INFORMATION SHOWN below:

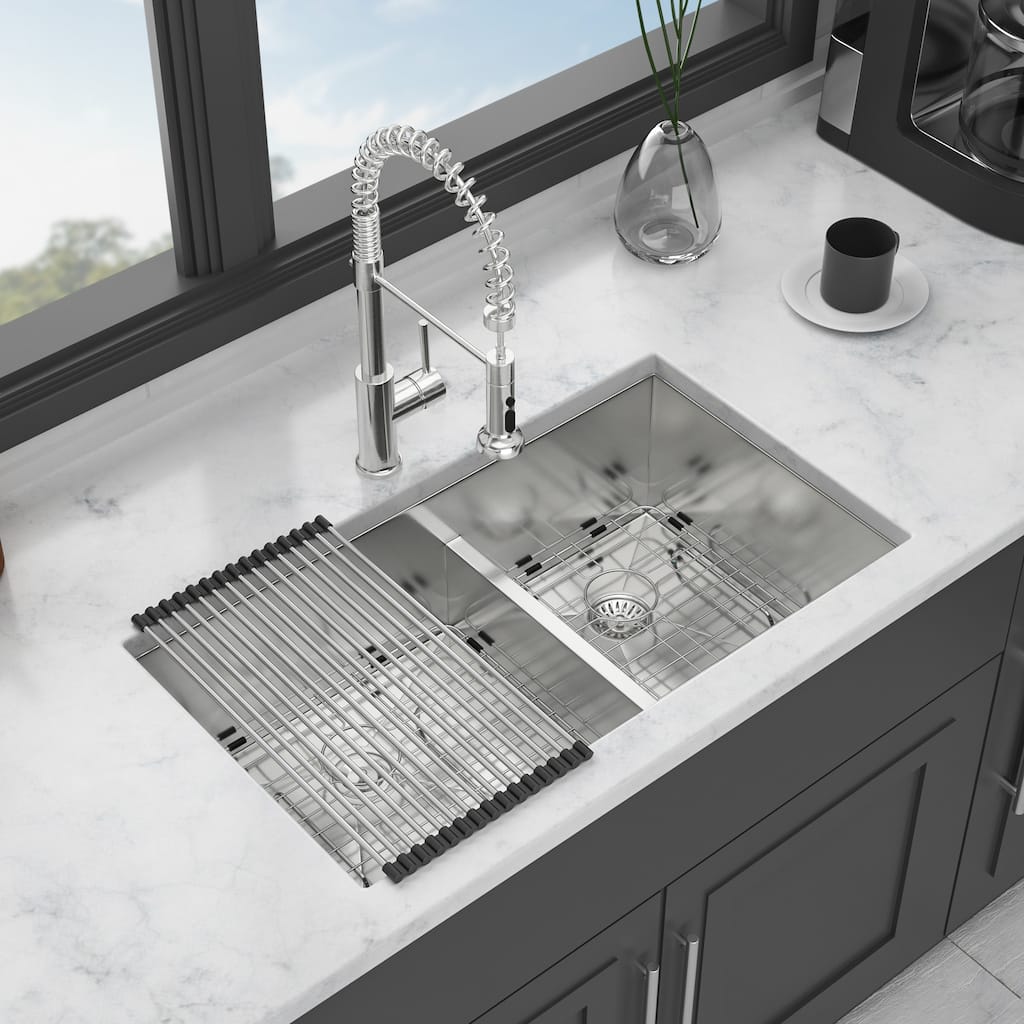 Undermount Double Bowl(60/40) Kitchen Sink - 16 Gauge with Two 10" Deep Basin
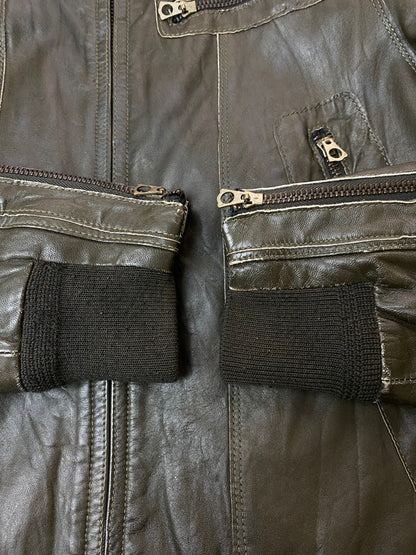 【中古品】【メンズ】 Grime effect グライム　エフェクト LEATHER JACKET レザー ジャケット メンズ アウター 馬皮 ジップアップ 146-260106-em-19-min サイズ：M カラー：ブラウン 万代Net店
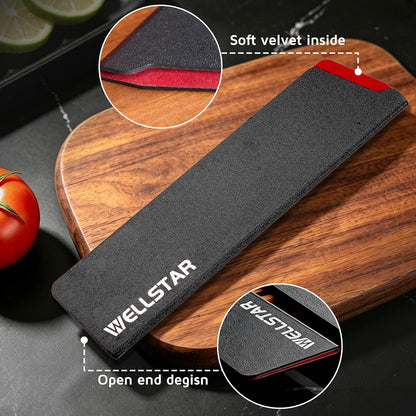WELLSTAR Knife Edge Guards 8 Inch, Universal Blade Covers, BPA Free ABS Protective Blade Sheaths, Non-Scratch Felt Lining Kitchen Knives Covers (Knives not included)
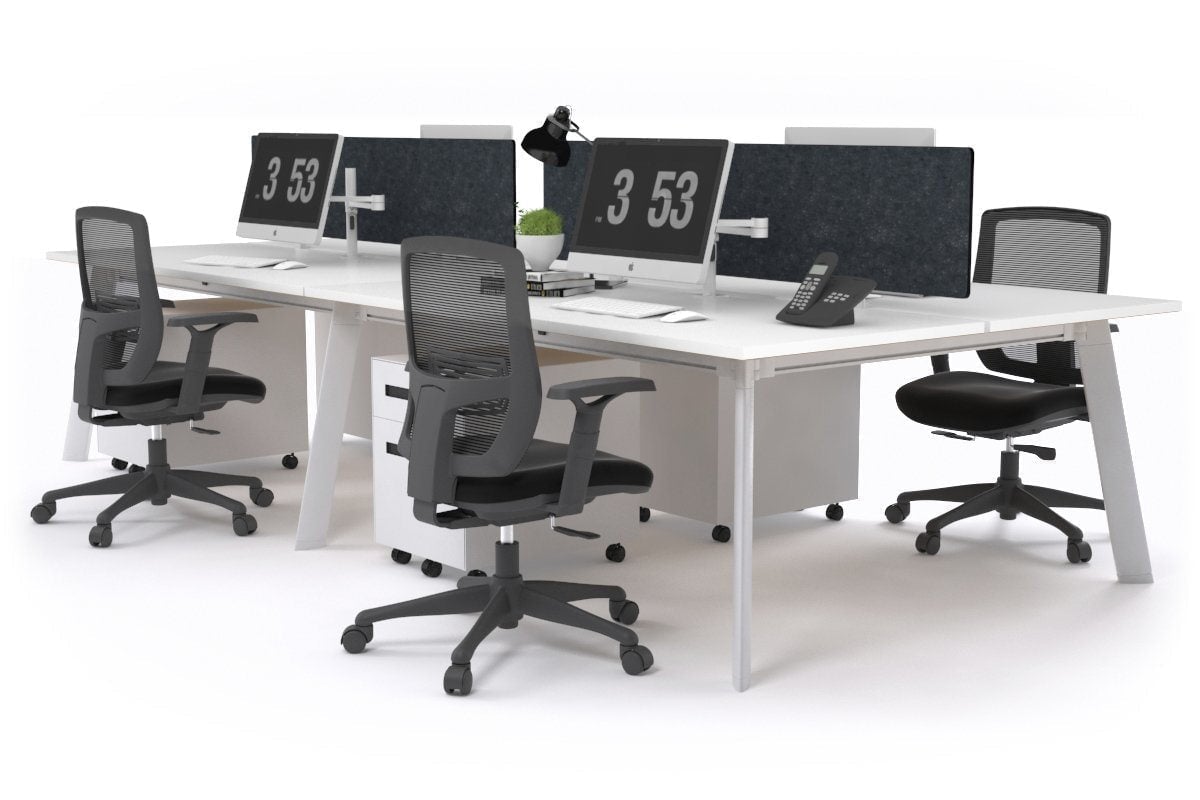 Switch - 4 Person Workstation White Frame [1400L x 800W with Cable Scallop] Jasonl white grey echo perspex (400H x 800W) 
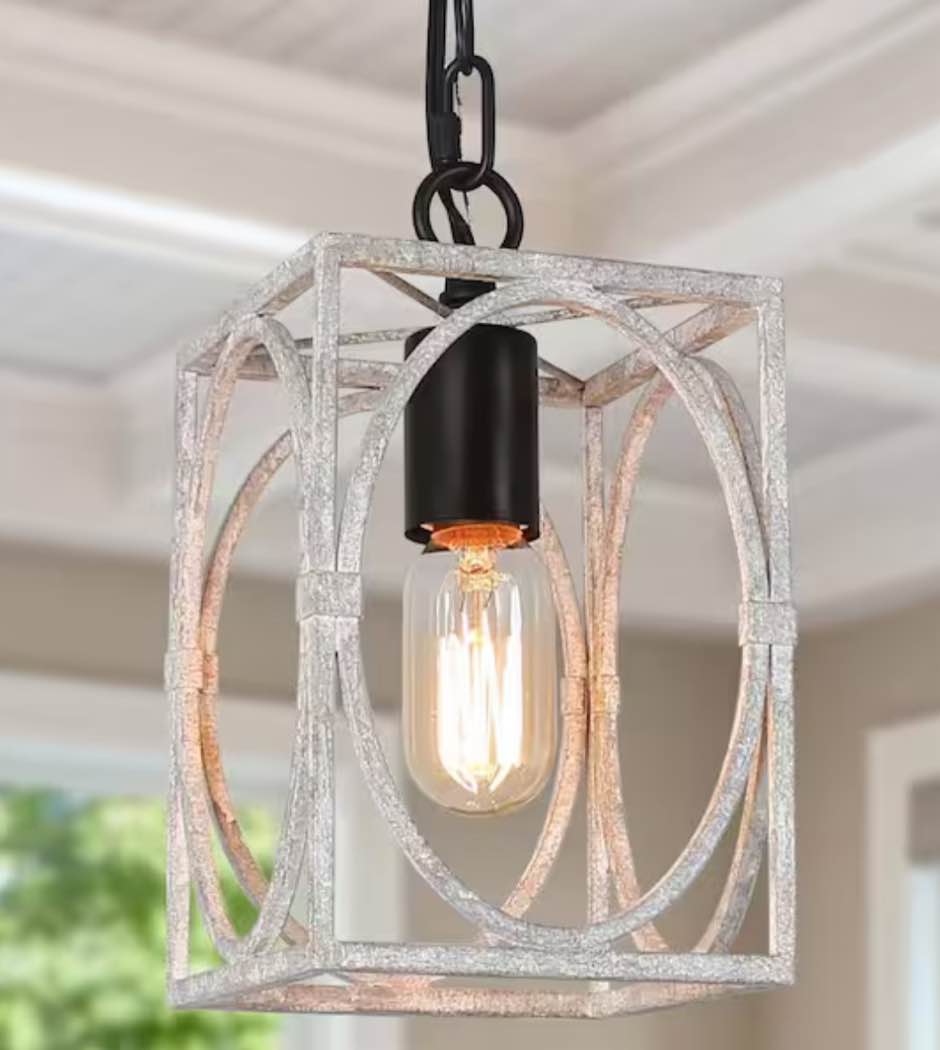  LNC (Brand Rating: 4.5/5) Farmhouse Distressed White Pendant Light 1-Light Vintage Rustic Island Cage Lantern Geometric Hanging Pendant Light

End of INFORMATION SHOWN.

| DESCRIPTION OF THE TASK |
Copy the lines exactly as they appear from the opening of the entries above through the line with "サイズ：M カラー：ブラウン 万代Net店", excluding all pictures.

| TASK RESULT |
 Undermount Double Bowl(60/40) Kitchen Sink - 16 Gauge with Two 10" Deep Basin
 【中古品】【メンズ】 Grime effect グライム　エフェクト LEATHER JACKET レザー ジャケット メンズ アウター 馬皮 ジップアップ 146-260106-em-19-min サイズ：M カラー：ブラウン 万代Net店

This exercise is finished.